Only in the past few months has Sen. Bernie Sanders received any acknowledgement from the media. Still far behind in media coverage are Dr. Jill Stein (Green Party), Gary Johnson (Libertarian party), Bob Whitaker (American Freedom party), Darrell Castle (Constitution party), Gloria LaRiva (Party of Socialism and Liberalism), Jim Hedges (Prohibition party), Mimi Soltysik (Socialist party), and dozens of other candidates who have ideas that America should at least have a chance to hear, but are placed into a black hole by the media, which believe they have no chance to win the presidency.

Because the media have become the megaphones for outrageous behavior rather than communicators of information, Donald Trump has spent very little for print or electronic media advertising. As long as Trump puts on a big enough dog-and-pony show, he gets coverage, forcing his rivals to spend ad dollars to match the free TV time he wallows in. But, after Trump and Clinton finally secure their parties’ nominations, their campaigns, the Republican and Democratic National committees, and dozens of Super PACs, all proclaiming they want to cut governmental programs and spending, by the November 8 general election will have spent more than $2 billion on political advertising in the mass media.

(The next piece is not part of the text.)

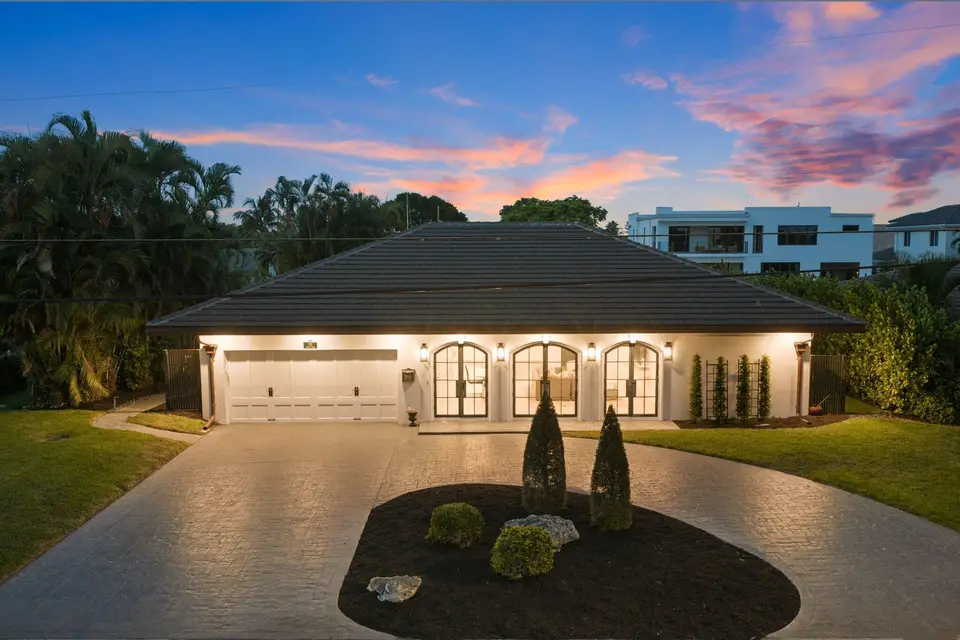 713 Forsyth Street, Boca Raton, FL 33487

The pretend-journalists who cover the campaign lean to insipid “objectivity,” afraid to challenge the candidates and terrified of delving into substantive issues. Many just don’t have the intellectual depth to know enough to challenge the lies and half-truths, so they lob easy questions at the candidates and then believe that by tossing bland questions to the public, they are getting “the pulse of the people” who fulfill the media expectations by responding with equally useless answers—“Uh, like, I kinda like him [or her] because he [or she] says what I believe and what I, y’know, want to hear.”

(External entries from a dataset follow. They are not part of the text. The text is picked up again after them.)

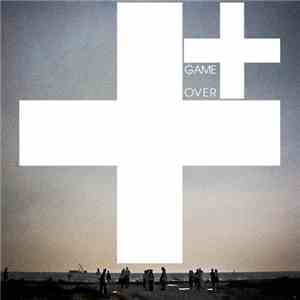 plusplus - Game Over album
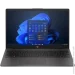  HP 255 G10 (AD1X5ET)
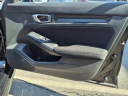 Thumbnail image of 2023 Honda Civic at Springfield Acura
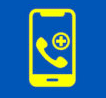 Telehealth Consultations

For most reporters and their editors, there is the fear that if they get too intellectual, if they challenge the candidates, those candidates will not grant them access while their audience tunes them out, preferring the reality entertainment that now passes as political coverage. It is a reality where a woman in a Chewbacca mask makes more sense than the political candidates and the news media that cover them.

Rosemary Brasch is a former secretary, labor union grievance officer, and instructor of labor studies at Penn State and UMass. Walter Brasch is an award-winning journalist, professor emeritus from the Pennsylvania State System of Higher Education, and author of 20 books; his latest one is Fracking America.

One Response to Chewbacca and the world of semi-reality news media

  1. you make a mistake when you say that the media erroneously give us what we want. not so. They know full well what they do. Most of the sources of our information are owned by 6 companies–all of them also supplying war equipment and thus profiting from war. The media are megaphones for the status quo and the one thing they will not air, or tolerate in others, is questioning and criticism of the status quo. In the process, our rulers have purposely tried to dumb down Americans on the theory that stupid and ignorant people are easier to manipulate, a fact which Trump proves very well. The media used to have to give news as a public service, but they no longer do. They have more program time devoted to commercials, they hire people who don’t know jack shit about anything except how to read a script, and they have fired all the real news people. Dan Rather is a perfect example. He stepped out of line and his career got trashed instantly. The younger generation has given up on tv for news–they go elsewhere. and we wonder why we are falling in every measure of a developed civilization, right into third world status. the GOP has forgotten how to face reality, much less how to solve problems. they have been anti-reality too long and our fantasy news reflects them.